Report on Sabancaya (Peru) — 6 September-12 September 2023
Smithsonian Institution / US Geological Survey
Weekly Volcanic Activity Report, 6 September-12 September 2023
Managing Editor: Sally Sennert.
Please cite this report as:
Global Volcanism Program, 2023. Report on Sabancaya (Peru) (Sennert, S, ed.). Weekly Volcanic Activity Report, 6 September-12 September 2023. Smithsonian Institution and US Geological Survey.
15.787°S, 71.857°W; summit elev. 5960 m
All times are local (unless otherwise noted)
Instituto Geofísico del Perú (IGP) reported that the eruption at Sabancaya continued during 4-10 September with a daily average of 13 explosions. Gas-and-ash plumes rose as high as 2.3 km above the summit and drifted SE, E, NE, and NW. A total of 10 thermal anomalies from the lava dome in the summit crater were detected using satellite data. Minor inflation was detected near the Hualca Hualca sector (4 km N). The Alert Level remained at Orange (the second highest level on a four-color scale) and the public were warned to stay outside of a 12 km radius.

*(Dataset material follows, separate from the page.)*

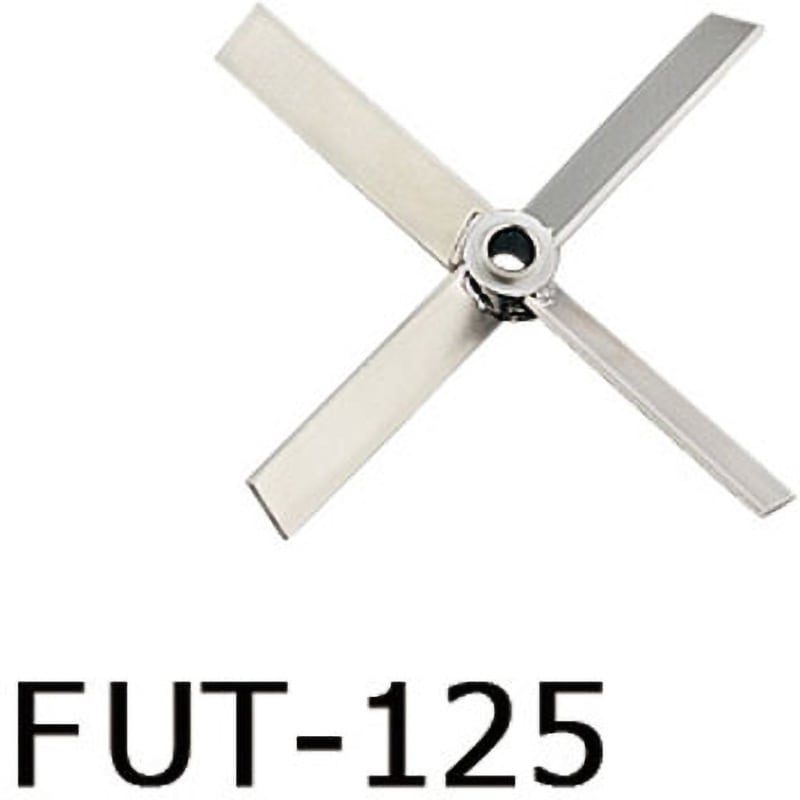 FUT-125 トルネード用撹拌羽根 アズワン 種別ファンタービン(ボス付き) Φ125mm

Geological Summary. Sabancaya, located in the saddle NE of Ampato and SE of Hualca Hualca volcanoes, is the youngest of these volcanic centers and the only one to have erupted in historical time. The oldest of the three, Nevado Hualca Hualca, is of probable late-Pliocene to early Pleistocene age. The name Sabancaya (meaning "tongue of fire" in the Quechua language) first appeared in records in 1595 CE, suggesting activity prior to that date. Holocene activity has consisted of Plinian eruptions followed by emission of voluminous andesitic and dacitic lava flows, which form an extensive apron around the volcano on all sides but the south. Records of historical eruptions date back to 1750.